Libya's crude oil production has been restored to the level it was before the war. With huge oil reserves, the money is there for this small country, with its population of just 6 million people. However, a lagging political transition and the security vacuum have seriously hindered the pace of reconstruction.
Although Libya's political transition has been smoother than expected, it is still full of ups and downs. According to the transition road map, four months after the elections the Constituent Assembly should have prepared a new draft constitution. But instead, it's fallen into an endless debate.
All regions and tribes are eager to increase their weight in the new Libyan political landscape. Many feel their contribution to the overthrow of Muammar Gaddafi guarantees them a bigger piece of the pie. It has been impossible, so far, to reach a consensus.
Gaddafi destroyed all the state institutions in Libya, instead ruling through personal whim. Some special tribes were chosen as the foundation of his regime and given a lot of benefits. The majority of Libyans were alienated.
Conflicts due to this inequality among tribes exploded in the post-Gaddafi era. Pro-Gaddafi tribes suffered from the vengeance of others, and many of them had to flee from their home in Sirte and Sebha. I encountered them in Babal-Azizia, destroyed in the war, where they dwelt among the ruins of the city.

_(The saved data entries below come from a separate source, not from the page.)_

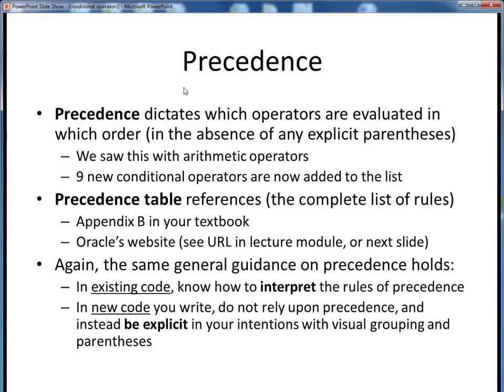In prior lecture materials, we discussed the concept of precedence, which tells us which operators will be evaluated ahead of which other operators in the absence of any explicit guidance in the form of parentheses. We saw this earlier with arithmetic operators, but now we have an additional nine conditional operators to add to that list. You can find an updated precedence table, which has the complete list of rules, in a couple of places.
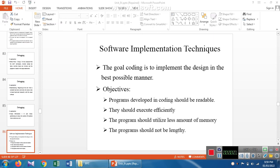The next topic we are discussing is software implementation techniques. The main goal of software implementation techniques is to design the coding for the implementation representation of a software product.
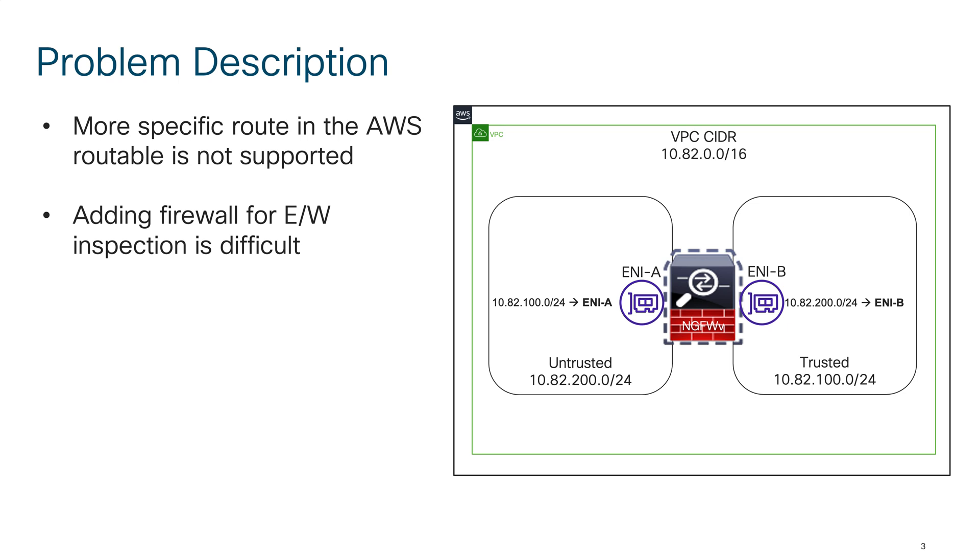If you were to add a firewall between the two subnets, you had to add routes on your host which was not a scalable model. So it was really difficult for us to enable such insertion where I want to place a firewall between two subnets within the same VPC.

The formation of a unified Libyan national army and police force made little headway. Though 70 percent of the militias have been incorporated into the new force, it is hardly a unified army yet.
Even soldiers in the same patrol wear different clothes, some in US camouflage, some in Gaddafi-era uniforms, and some in civilian clothes. Libyans shake their heads and sigh when asked how to identify real soldiers.

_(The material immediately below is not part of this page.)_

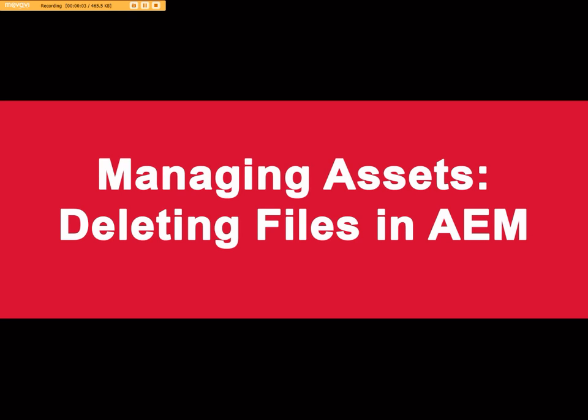This video will demonstrate how to delete image and PDF files from the AEM content finder. The procedure works the same way for either file type.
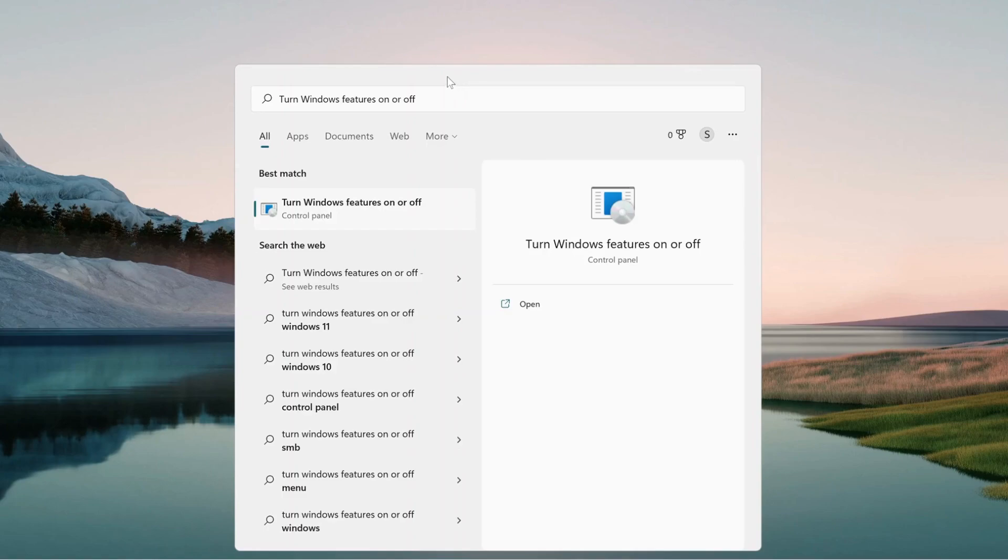Open up search on your computer and in the search bar type 'Turn Windows features on or off'. When this pops up, double-click on it and open it up.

Libya is now in a false peace hiding tribal contradictions and security vacuum.
Tripoli is bustling during the day, but after 9 pm, pedestrians disappear, and you can only hear the sounds of shooting and drag-racing.

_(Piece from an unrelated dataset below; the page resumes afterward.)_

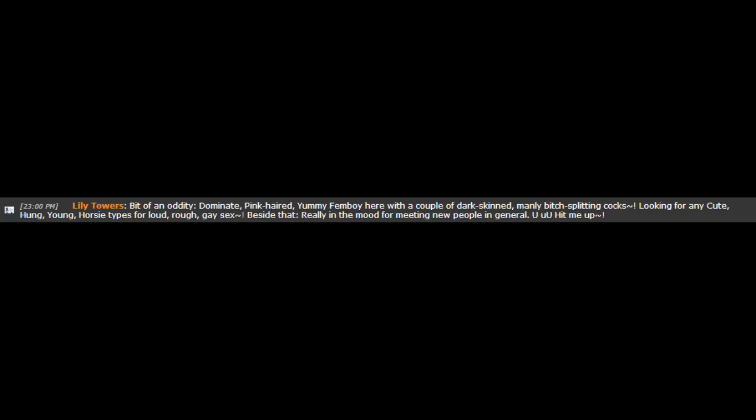Bit of an oddity. Dominant, pink-haired yummy femboy here with a couple of rat-skinned, manly ditch-splitting cocks. Looking for any cute, young horsey types for loud, rough, gay sex. Besides that, really in the mood for meeting new people in general. Hit me up. Seeking ladies that want to take hold of the reins!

Libya has barely any industry other than oil. The destroyed buildings in Misurata need foreign contractors to reconstruct. Poor civilians are waiting for affordable housing to be created by returned foreign builders.
But Libyans are still optimistic. Ali Nasef, dean of the Faculty of Economics and Political science at Tripoli University, told me that Libya will take the route of developing modern industry and services. Large quantities of foreign investment should be introduced to establish specialized industrial parks which will cut tax and implement preferential policies. Only by this approach can Libyans people gain modern technology and business management experience in order to escape dependence on the petroleum industry.
However, the slow political transition process and the lack of security have halted many foreign investments.
Security needs to be guaranteed before companies that fled during the civil war can return. But Libyan politicians are still squabbling over internal affairs, let alone discussing the conditions needed by foreign companies. Libya looks pretty good at first glance now. At least its people can lead normal and quiet lives. However, the Libyan people have much bigger wishes for prosperity. Yet, until the political transition is realized, those dreams have to be put on hold.